The 'America First' trade policy blueprint

The blueprint

President Trump wasted no time reviving his “Tariff Man” persona, kicking off his term with a bold stroke—signing the “America First Trade Policy” memorandum on Inauguration Day. This executive order puts U.S. trade under a microscope, tasking multiple departments with a deep-dive review of trade practices and imbalances, with a deadline to report back by April 1. But make no mistake—Trump isn’t waiting for the paperwork to land on his desk. The first tariff bombs could be dropping as early as Saturday, targeting Canada, Mexico and China, setting the stage for a high-stakes trade battle.

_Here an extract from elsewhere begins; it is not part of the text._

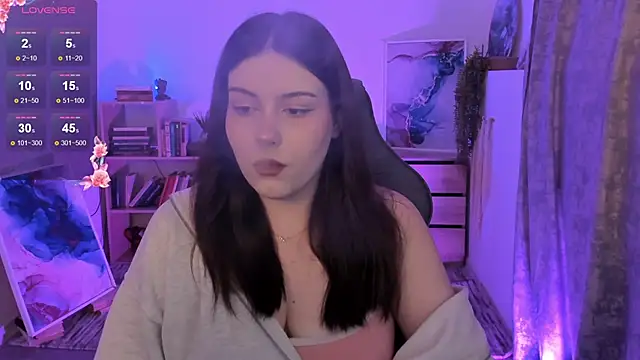 CoralineKeyns online show from 10.06.25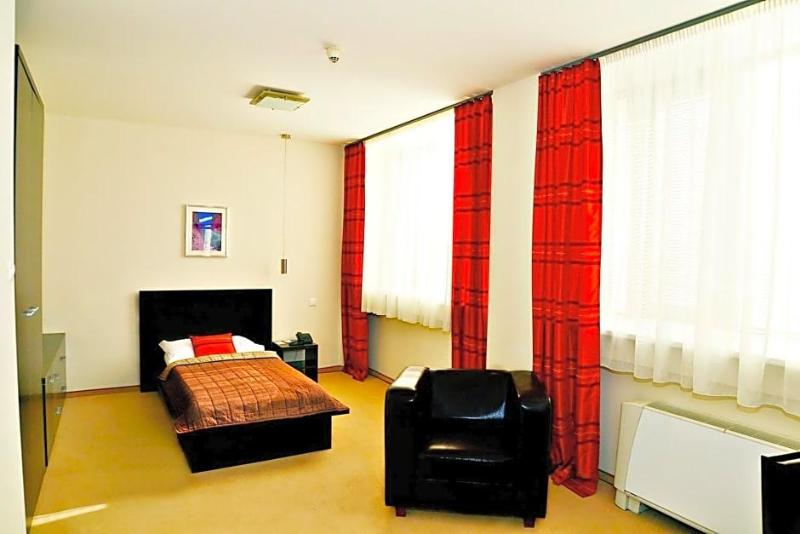 Aston Business Hotel image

The sweeping trade overhaul is broken into three key fronts: (1) Taking on Unfair and Unbalanced Trade, (2) Recalibrating Relations with China, and (3) Strengthening Economic Security. And the first order of business? Reining in the U.S.’s massive $1.2 trillion goods trade deficit. The game plan includes imposing a “global supplemental tariff”—a blanket levy meant to balance the books. While the deficit, as a percentage of GDP, sits at a manageable 4.1%, the raw dollar figures paint a far more ominous picture. And with China, the EU, Mexico, and Vietnam collectively responsible for 70% of that shortfall, there’s no doubt where the administration is aiming its crosshairs.

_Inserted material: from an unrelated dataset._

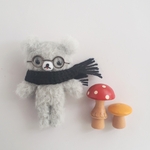 ❄ご予約品❄ミニぬいぐるみ　くま(めがね　黒フリンジマフラー)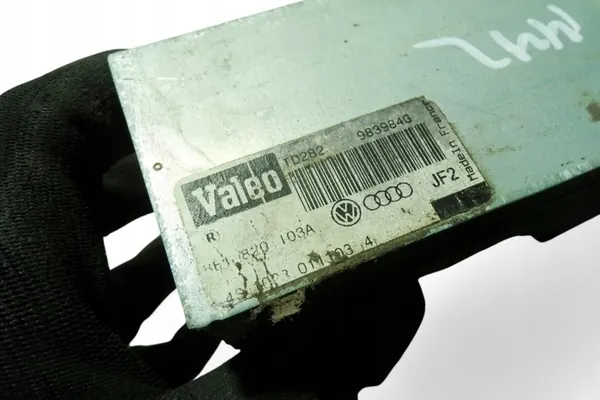 Airconditioning Radiateur AUDI A4 AVANT 1.6L OEM 8E1820103A image 2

While Trump’s focus is on goods, it’s worth noting that over 80% of the U.S. economy runs on services, where the U.S. enjoys a trade surplus. That surplus, however, is just $296 billion, nowhere near enough to offset the gaping hole in goods trade. The total trade deficit still stands at $910 billion, and Trump is making it clear—tariffs are coming. The fewer exemptions, the better, as a streamlined system generates more revenue and sends a tougher message. But here’s the catch—not all deficits are created equal. The U.S. actually runs trade surpluses with some nations, including a $55 billion surplus with the Netherlands and a well-balanced trading relationship with Canada.

That hasn’t stopped the administration from going full throttle. The memorandum fires off several other hard-hitting directives, including a potential External Revenue Service (ERS) to take over tariff collection, a public consultation period to review the USMCA in 2026, and a deep-dive into currency manipulation—with China, Japan, South Korea, Taiwan, Vietnam, and Germany already on a watchlist. And let’s not forget the scrutiny of digital services taxes, which have primarily targeted U.S. tech giants—expect that fight to heat up.

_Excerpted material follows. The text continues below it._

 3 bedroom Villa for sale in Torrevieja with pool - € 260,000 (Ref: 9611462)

Then there’s China. Trump is circling back to the Phase One Trade Agreement, originally signed in January 2020, meant to curb intellectual property theft, technology transfers, and unfair trade practices. That deal was supposed to ease tariffs in exchange for $200 billion in increased Chinese purchases—but that never happened. Instead, the post-pandemic supply chain chaos flooded the U.S. with Chinese imports, widening the deficit further. Now, the administration is reviewing the agreement and considering reinstating or escalating tariffs if China isn’t playing ball.

But the trade war doesn’t end there. The national security angle is getting serious attention, with a directive to review the U.S. industrial and manufacturing base and assess whether additional tariffs under Section 232—like the steel and aluminum levies from Trump’s first term—are needed. Expect more sectors to fall under scrutiny. And, in a move directly tied to border security and the fentanyl crisis, the memorandum orders an investigation into illicit trade flows from Canada, Mexico, and China, with recommendations for trade-based countermeasures.

Bottom line: The tariff storm is coming

Trump once proudly called himself “Tariff Man”, and if this memorandum is any indication, he’s about to live up to the name once again. A massive shake-up in global trade is on the horizon, and the ripple effects could hit markets, supply chains, and global growth hard. Brace for impact—the U.S. could be about to throw down in the biggest trade war we’ve seen in history.